Thursday, November 1, 2018

18. Precedents of time travel


35

It took Kenneth and Aidan two nights to get back to Attila the Hyundai. It had been twenty years since Kenneth had hiked in the Brecons. Now the A470 had not been built, and it was not a park with marked trails, and there were a lot fewer built landmarks, but the ridges and valleys hadn’t changed.  By the second night, staying up on the ridge, Kenneth was able to get a radio connection to the Huyndai, so the part he had thought would be most difficult, finding a small, dark, lozenge hardly 12 feet long in acres of dark brush.
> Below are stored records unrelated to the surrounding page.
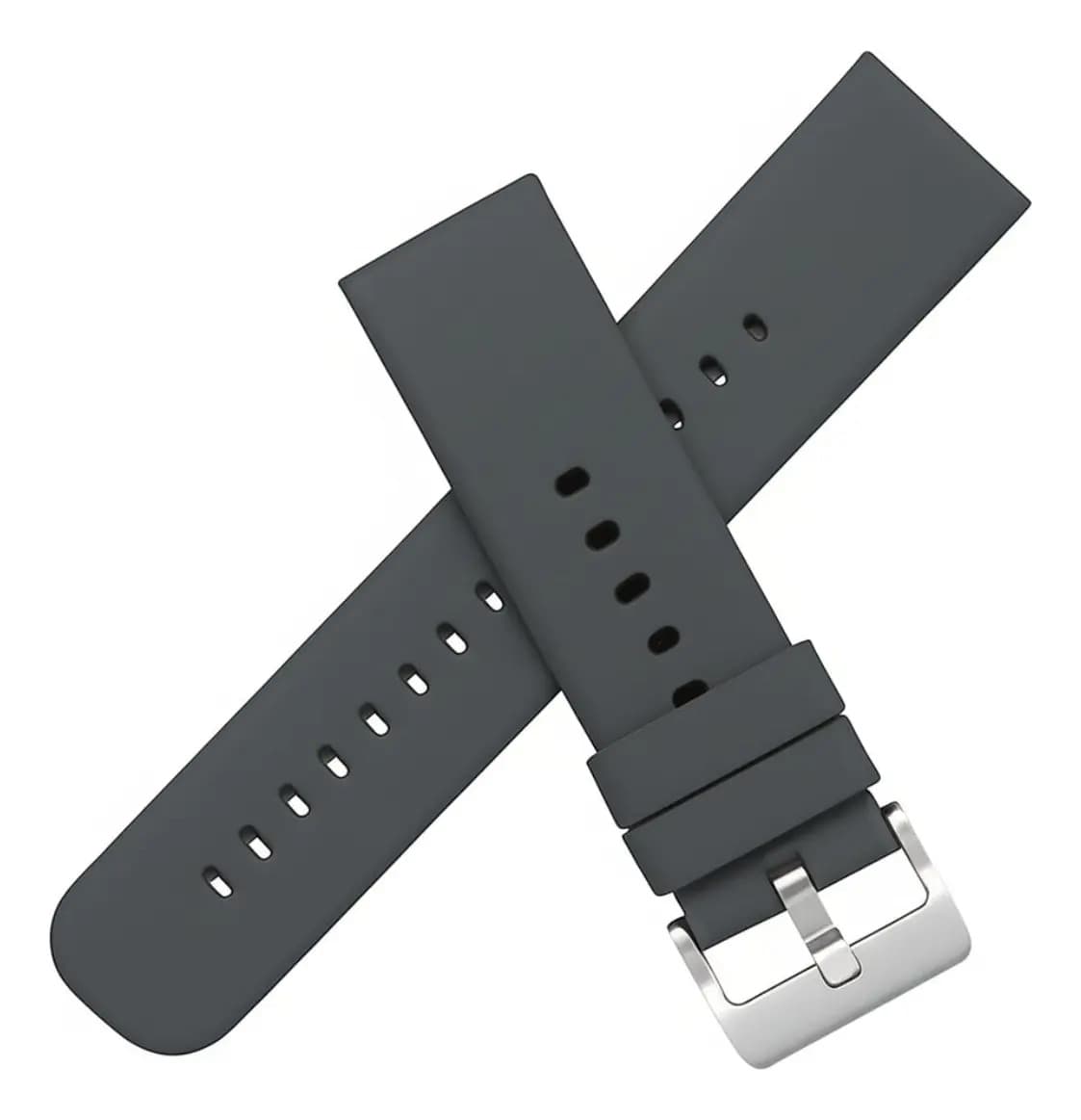 Pulseira 22mm Silicone Wawe Para Relogio Smartwatch C/ Pinos Cor Cinza — imagem 2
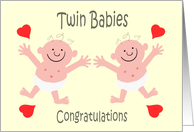 Congratulations Cute Cartoon Twin Babies card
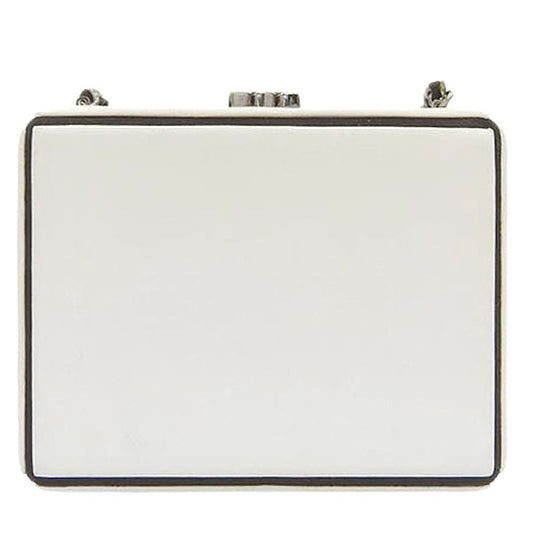 Chanel Around 2008 Made Cc Mark Plate Metal Clasp Mini Chain Bag White/Black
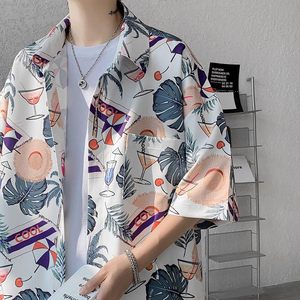 Camicia da uomo in seta ghiaccio floreale con colletto a risvolto, manica corta, estiva 2026, sottile, traspirante, vestibilità ampia, antipiega, 6XL, per vacanze, da <span class=keywords><strong>coppia</strong></span> - Product Image 4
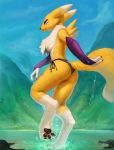  2018 3_toes absurd_res anthro armwear black_sclera blue_eyes breasts butt butt_pose canid canine clothed clothing competition_swimsuit detailed_background digimon digimon_(species) digital_media_(artwork) edit female fur hi_res long_legs looking_at_viewer looking_back mammal mountain neck_tuft one-piece_swimsuit outside pawpads photonoko rear_view renamon solo swimsuit thick_thighs toes topless tuft water wet yellow_fur 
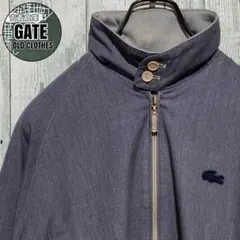 【※希少】LACOSTE ラコステ★刺繍ロゴ ブルゾン 裏地付 グレー M相当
It had not been so difficult to explain who he was and when he had come from to Aidan as he had expected. Aidan had grown up in an age that still accepted magic, and he had heard tales of people disappearing through thing space or waking from long, unexplainable sleeps before. He knew enough about harmonics from harps and enough about waves from paddling in corracles that Ken’s theory didn’t seem outlandish at all. It was easier for Ken to explain it to him than it had been when he had suggested it to his modern friends before he had built his own craft. Besides, if Aidan had thought traveling with Owain Lawgoch might give him stories to tell, he was certain that traveling Kenneth Owens, a mage from the future with raven-black hair and ocean-blue eyes would give him stories unimaginable.

Kenneth’s Hyundai shared with the corracles of Aidan’s youth that it was sized for one occupant. The nights on the ridge, they had snuggled together for warmth amongst beds of leaves, far enough from any trail that they hoped to avoid discovery. Now that they had recovered Ken’s timeship, it seemed best to sleep in it. It had enough proximity sensors that it could do a far better job of detecting visitors than they. Ken did not expect everyone he might meet to be so accepting of his situation as Aidan had been. And if they were detected, he thought did not want to be separated from his only possible way to return home. That meant they they continued to sleep snuggling together, a circumstance neither of them found very troublesome.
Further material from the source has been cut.